13 Nov Do you have the guts to close your business?
Every year, a particular person – we’ll call him B – and I celebrate his birthday by playing hooky from work. He only uses one sick day per year, and it’s for this day. Since he works for “the man,” it is officially called a Mental Health Day. I work for myself, so I call it what it is – hooky. It’s a day to cut loose, have fun and rejuvenate the body and mind. Wait,that is a mental health day!
This year, we went to Dough Pizzeria. I’ve had several business meetings there and always rave to B how incredible the food is. We arrived at 1o:59 A.M. to make sure that we were able to get a table without a long wait. (They open at 11 A.M.) From my meetings there, I know how crowded the place is on any day of the week at lunch or dinner. Our waiter, John, wound up taking care of us for two solid hours of gastronomical heaven.
When the manager came around to check on how we were doing, I took the liberty of asking her about the acquisition of the retail space next door and the planned addition to the restaurant. We talked about how they shut down last December for what was supposed to be a week and turned into two. At that time, they thought they might be able to get the addition done, but the closure turned into contractors planning the new combined space, plus they made necessary repairs to their Italian brick oven.

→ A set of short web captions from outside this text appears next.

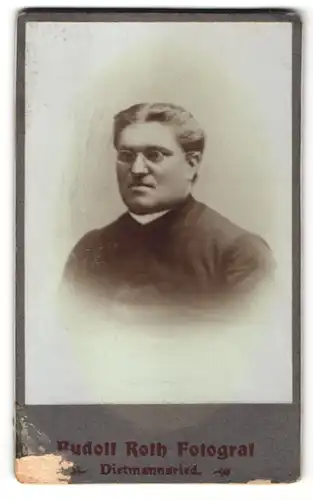 Fotografie Rudolf Roth, Dietmannsried, Portrait Herr mit Brille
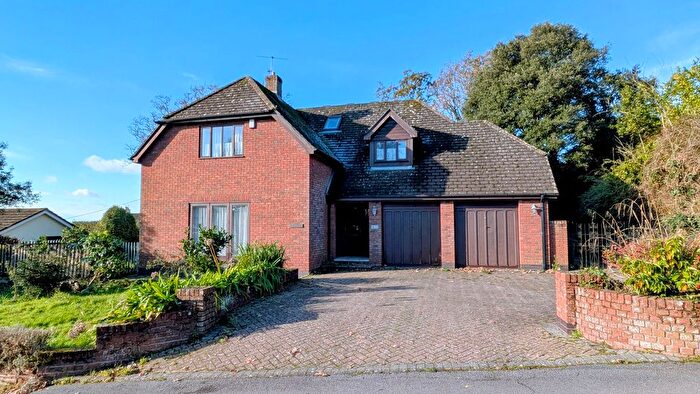 4 Bedroom Property For Sale In Moors Park, Bishopsteignton, TQ14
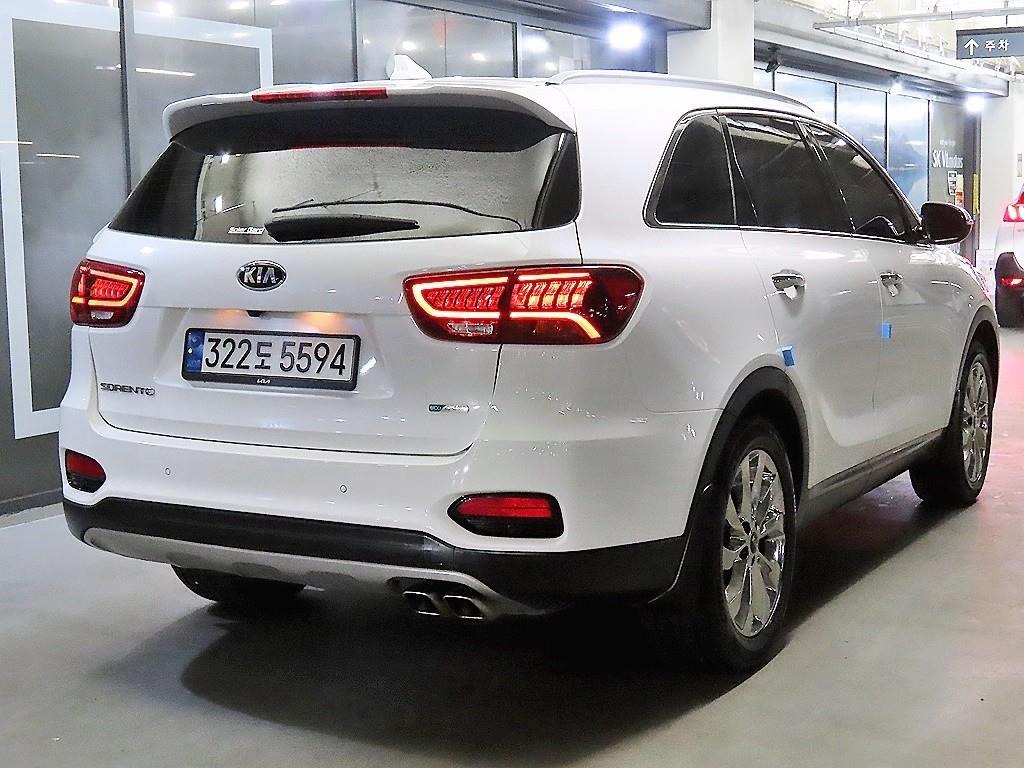 KIA Sorento - Vista 4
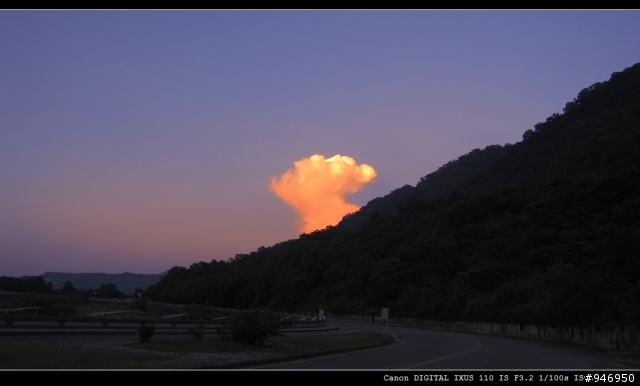 今晚的雲朵  ..好像原子彈  好恐怖!!!!!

Did you catch that? They CLOSED for two whole weeks! Isn’t that suicide in the business world? How can anyone possibly close and be expected to not only survive but thrive?
Dough did it. They have built up enough of a reputation for excellent food and service that people are willing to wait. They don’t have a high turnover of staff, so you get to know the employees there and realize that they’re human and need time off like the rest of us. Who can get upset about that?
They publicize on their website when they will close and also post signs on their door. They let their employees know well ahead of time so that their employees can plan what they want to do during that vacation time. They’ve got routines and systems in place so that closing and re-opening are not big deals.
But what about their lost revenue, you ask? Is it lost revenue if their hiring and training expenses are kept to a minimum because of low turnover? Is it lost revenue if their employees take fewer sick days because they get paid vacations and planned days off throughout the year? Is it lost revenue if their employees are happy – and not burned out – and therefore bring in even more business from word of mouth? Their closures are not lost revenue; they are investments in the future of Dough.
Dough has shown that you can run a business according to your own schedule. You can have time off to reboot. Are you willing to give it a try for at least one day?